● Your instructions
Write out, exactly and in full, the line where "Silver Round Solitaire Ring Woman 1.webp" appears together with all lines that follow it in the entries below. Do not include pictures.

--- Record excerpts ---

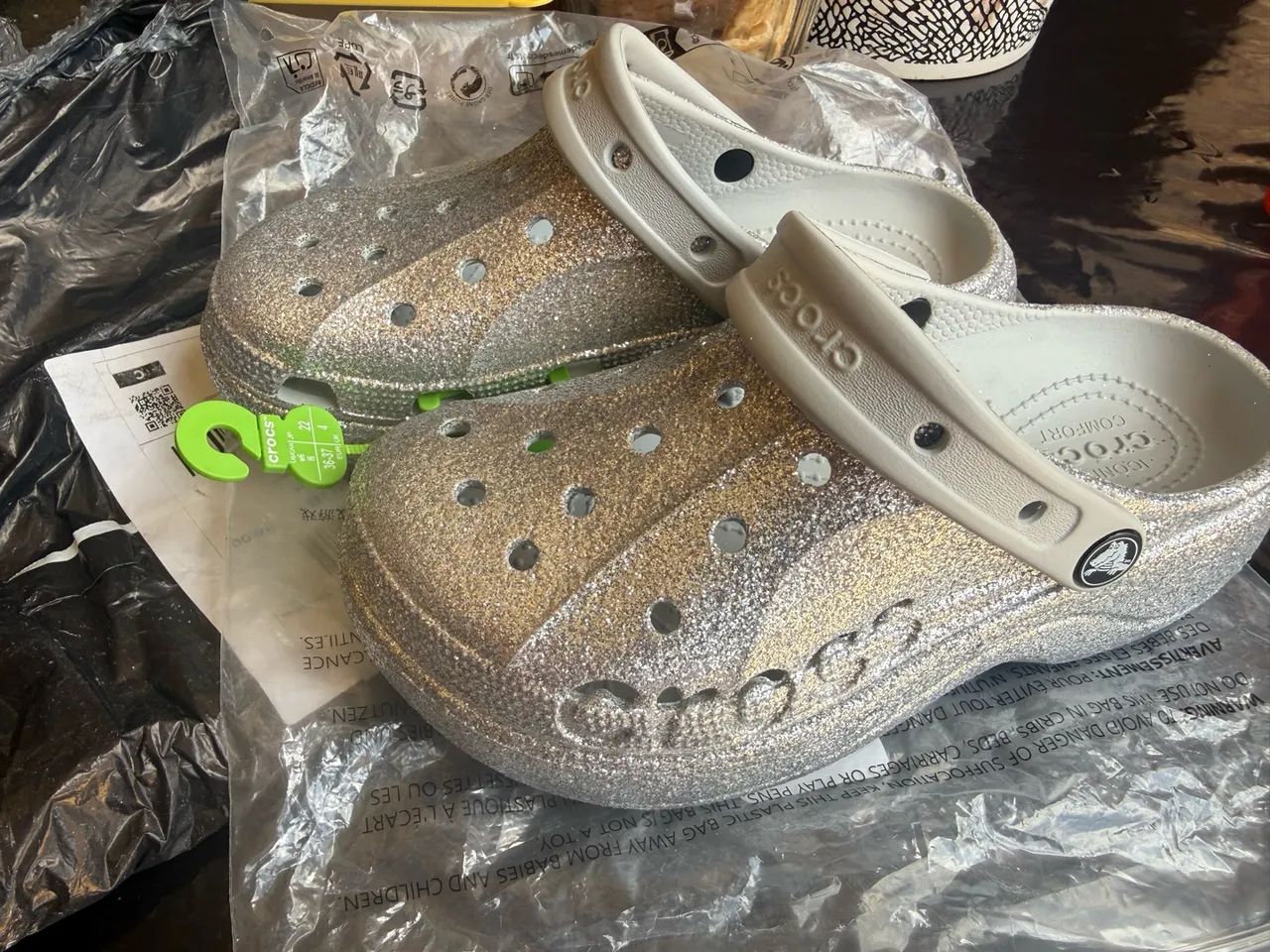 Crocs original nova - Foto 2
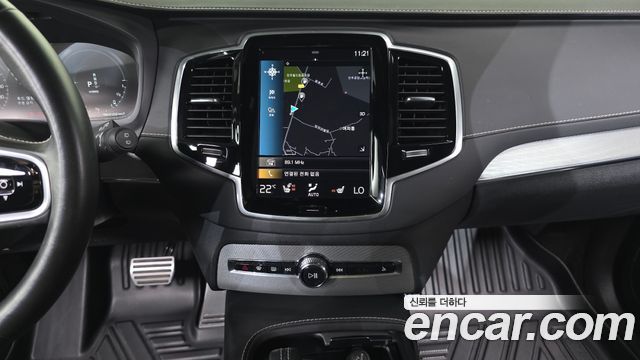 Volvo XC90 2021 — photo 19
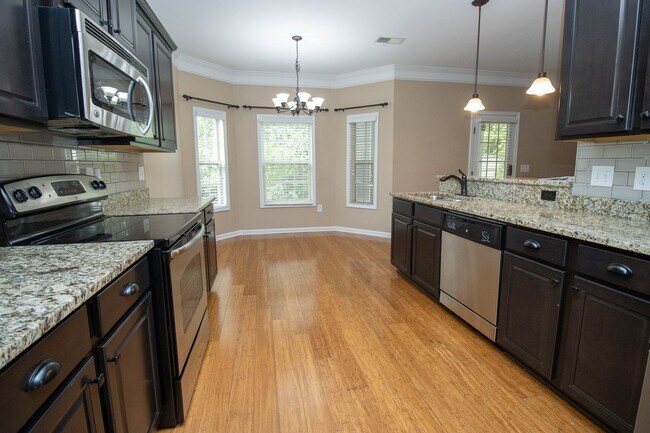 Building Photo - Elegant All-Brick 4 Bedroom Home on a Quie...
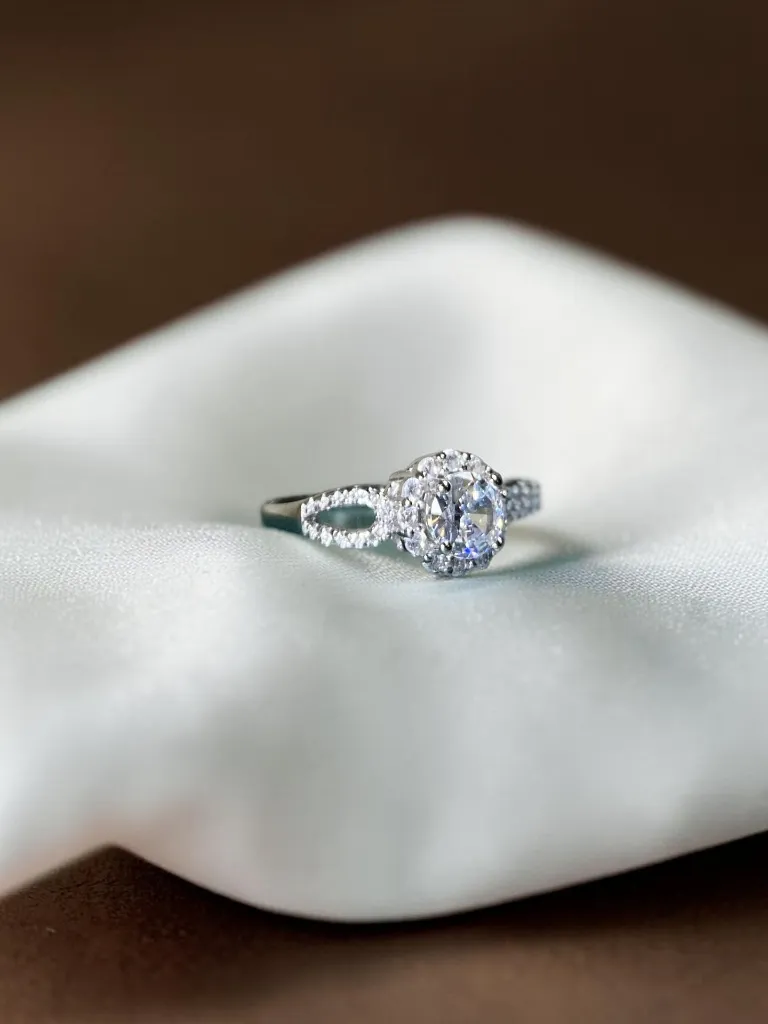 Silver Round Solitaire Ring Woman 1.webp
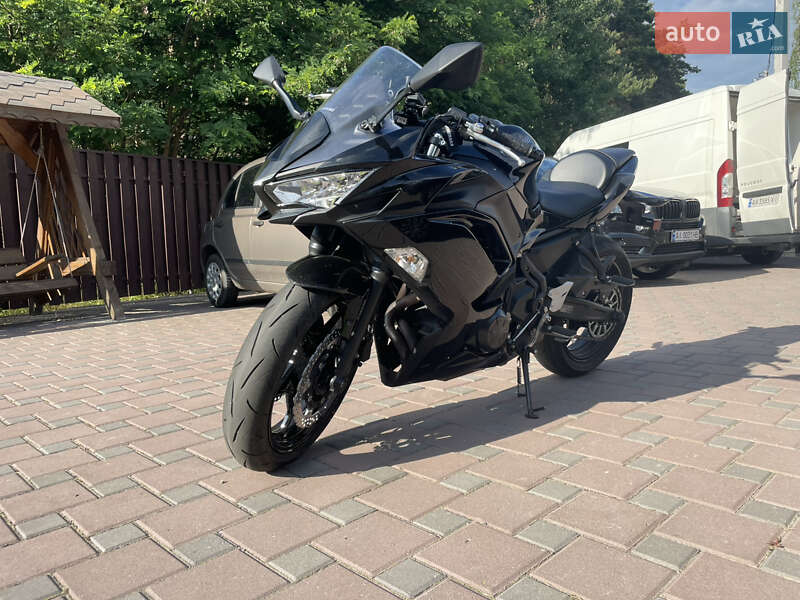 Спортбайк Kawasaki Ninja 650 2021 в 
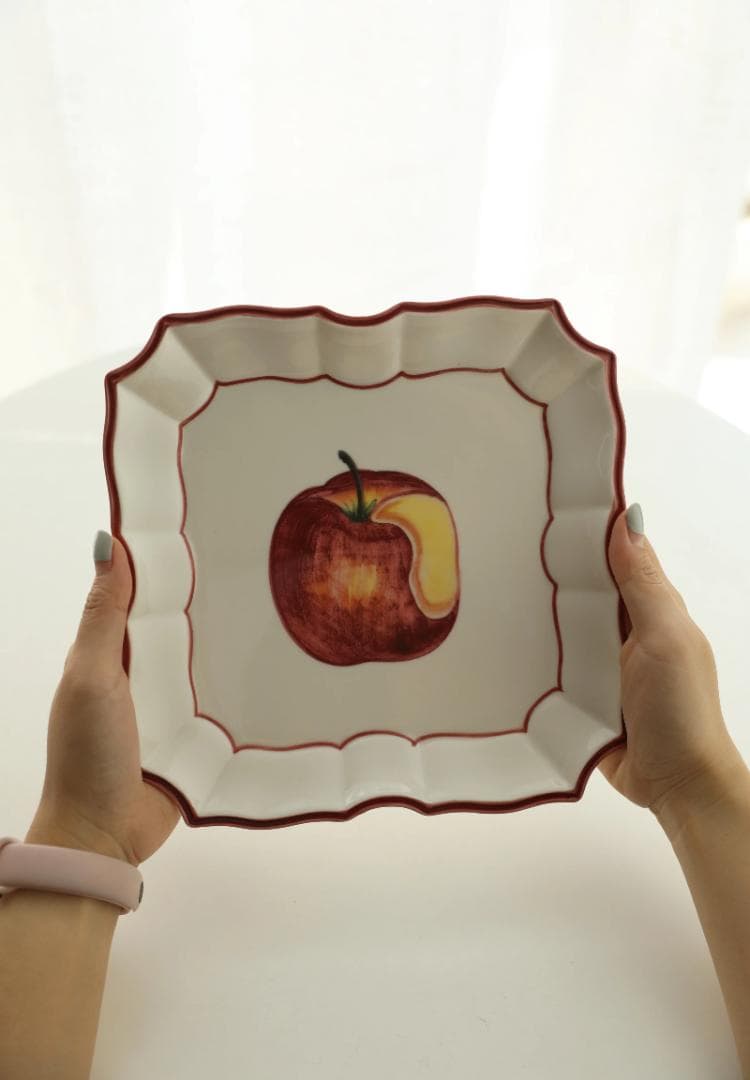 イタリアで購入　リンゴのイラスト 波型皿 4枚セット　新品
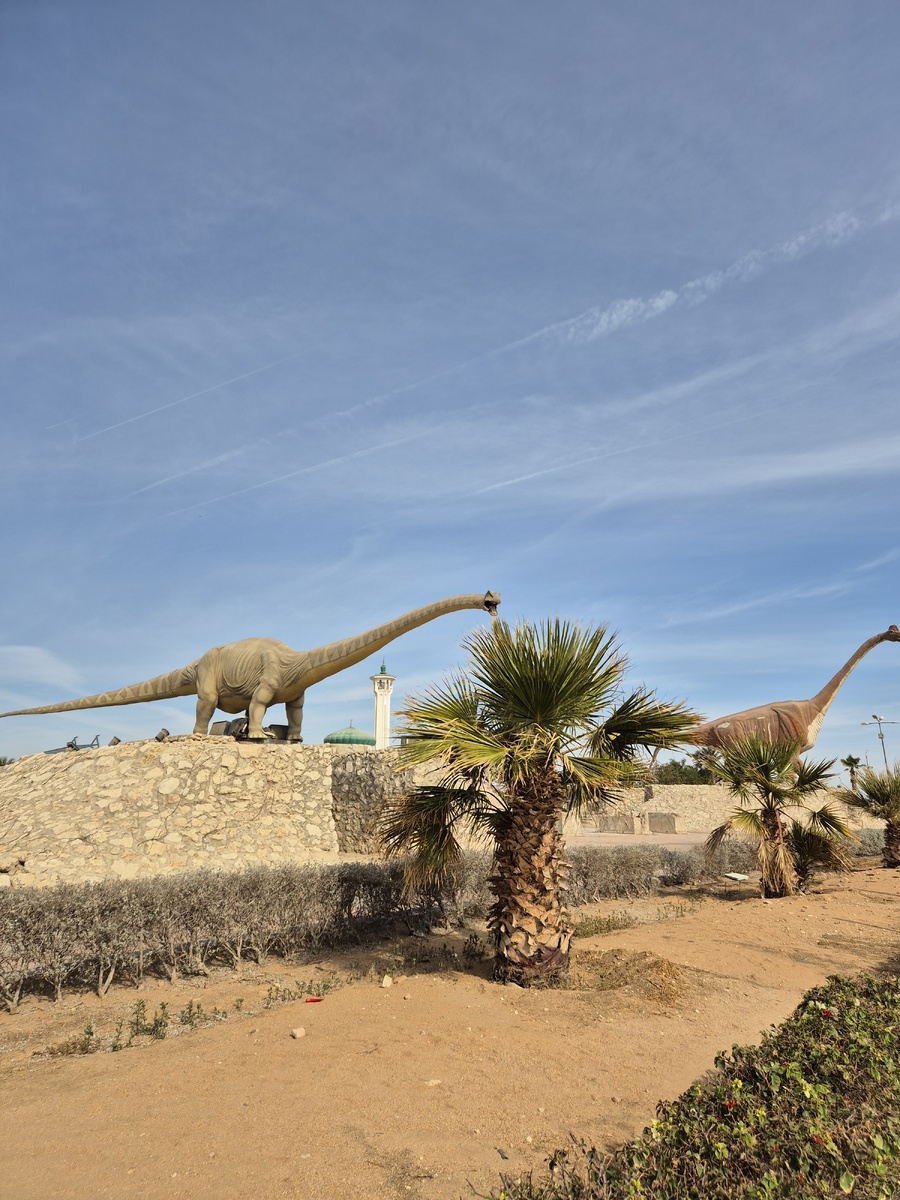 Динозавры перед поворотом к музею.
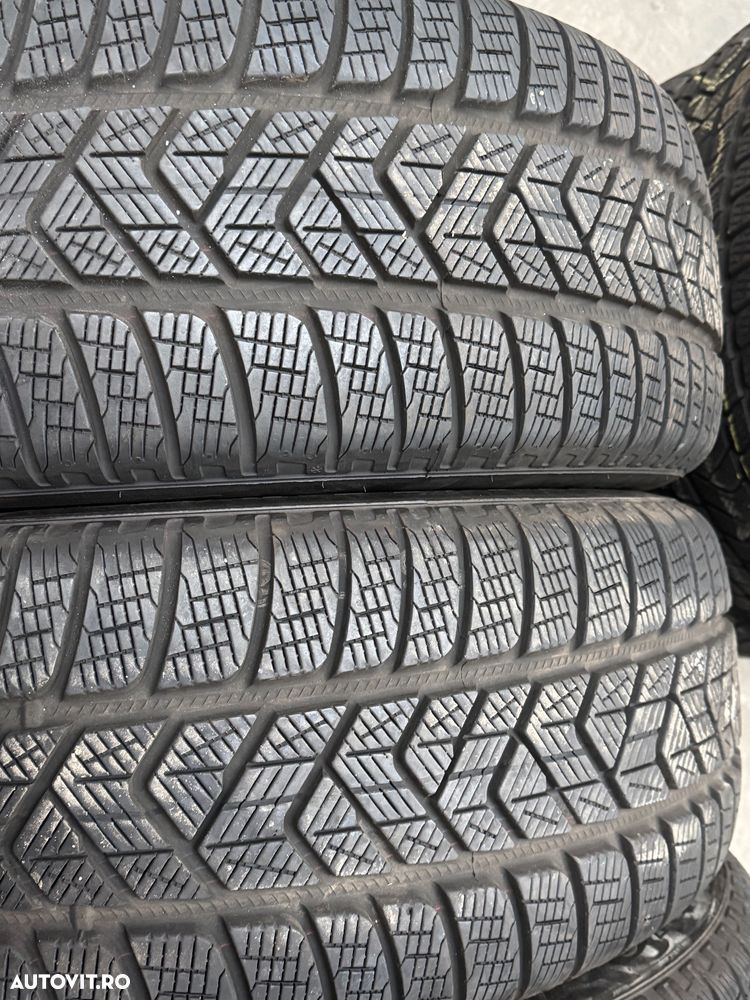 Vând 4 anvelope 235/55/19 Pirelli de iarnă ca noi - 3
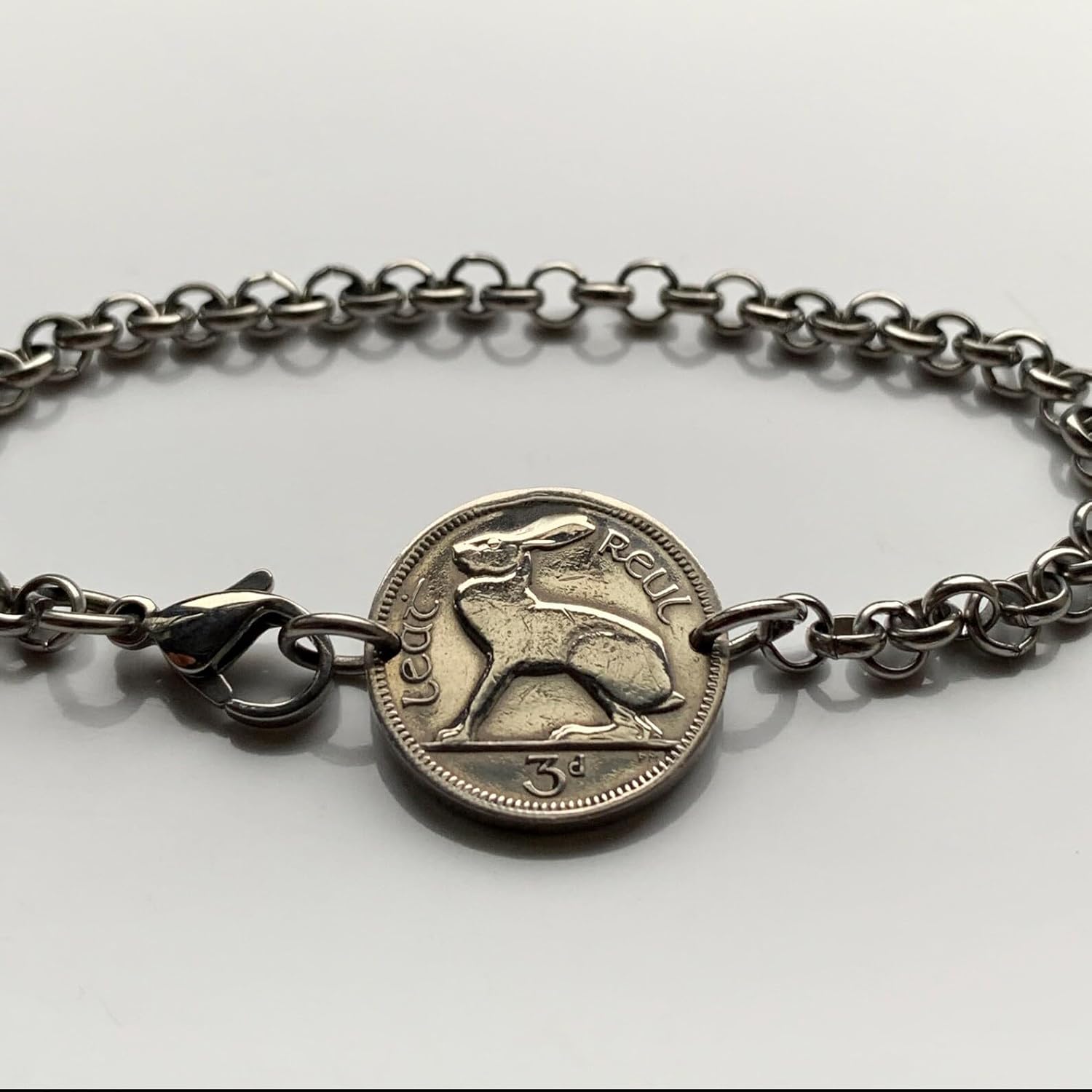 1961 Ireland Éire 3 Pence coin bracelet Irish rabbit hare bunny Celtic harp Cláirseach Gaelic Dublin Cork Limerick Galway Waterford Moher Connacht Leinster Munster Carlow Guinness Swords b000048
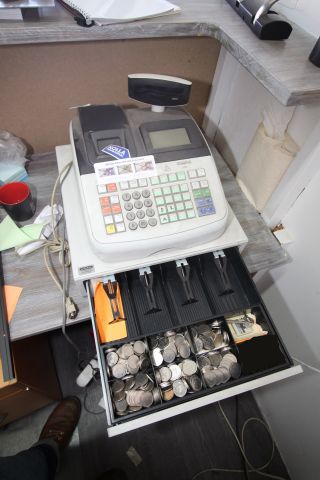 556595-7 Kassapparat Olivetti ECR 7900 & Kvittorullar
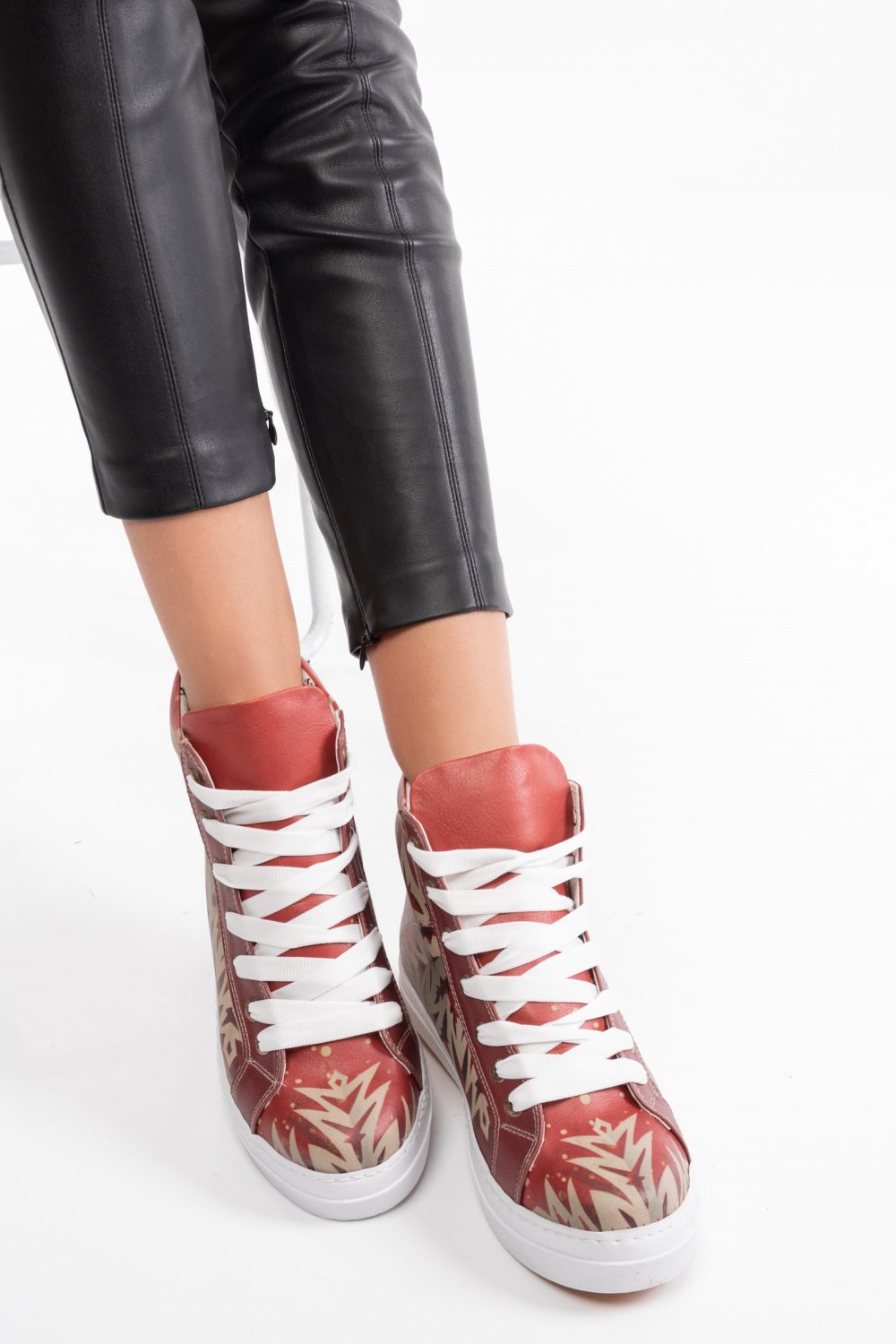 GOBY, GHETE DAMA ROSU CW2045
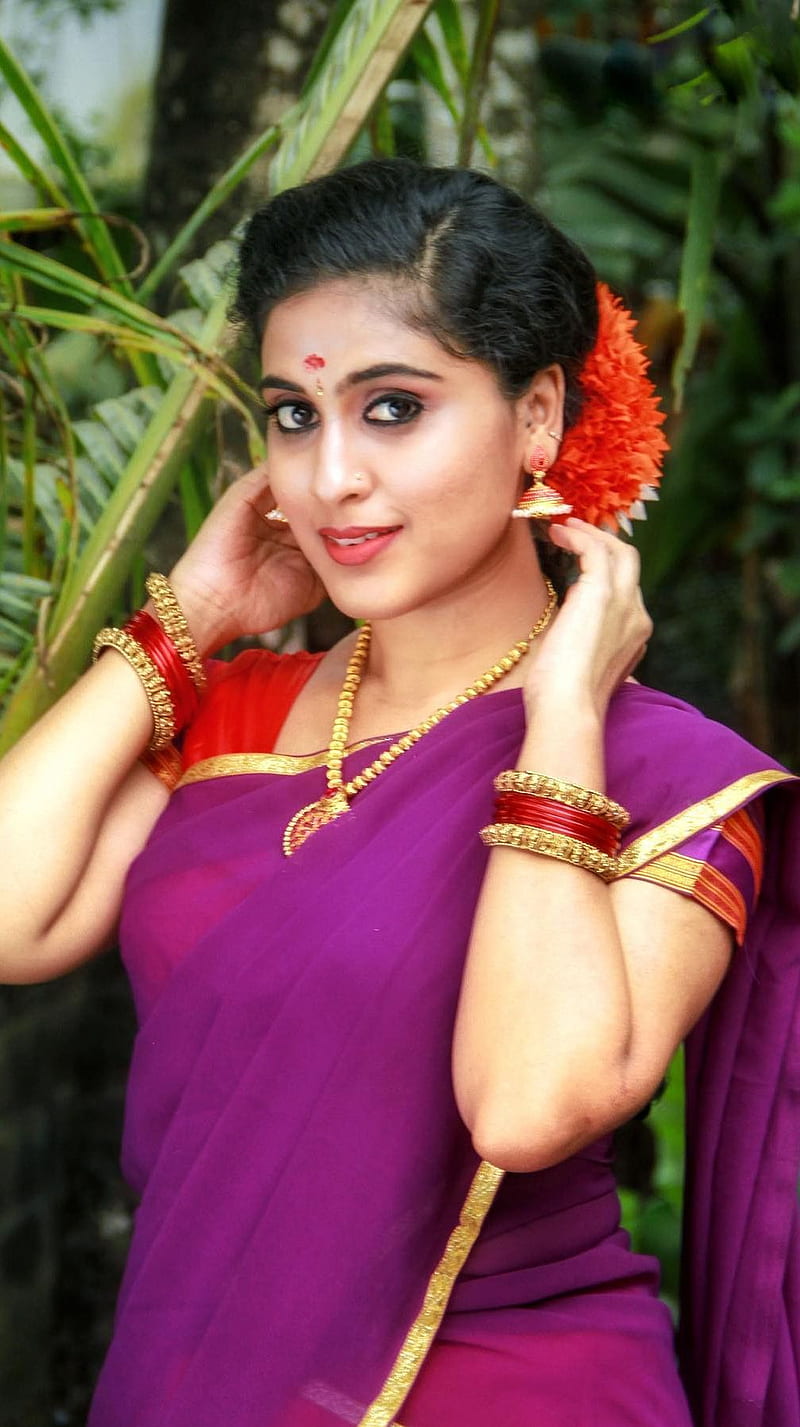 Keerthi Krishna Saree Lover Mallu Model Hd Phone Wallpaper Peakpx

---

● Written reply
 Silver Round Solitaire Ring Woman 1.webp
 Спортбайк Kawasaki Ninja 650 2021 в 
 イタリアで購入　リンゴのイラスト 波型皿 4枚セット　新品
 Динозавры перед поворотом к музею.
 Vând 4 anvelope 235/55/19 Pirelli de iarnă ca noi - 3
 1961 Ireland Éire 3 Pence coin bracelet Irish rabbit hare bunny Celtic harp Cláirseach Gaelic Dublin Cork Limerick Galway Waterford Moher Connacht Leinster Munster Carlow Guinness Swords b000048
 556595-7 Kassapparat Olivetti ECR 7900 & Kvittorullar
 GOBY, GHETE DAMA ROSU CW2045
 Keerthi Krishna Saree Lover Mallu Model Hd Phone Wallpaper Peakpx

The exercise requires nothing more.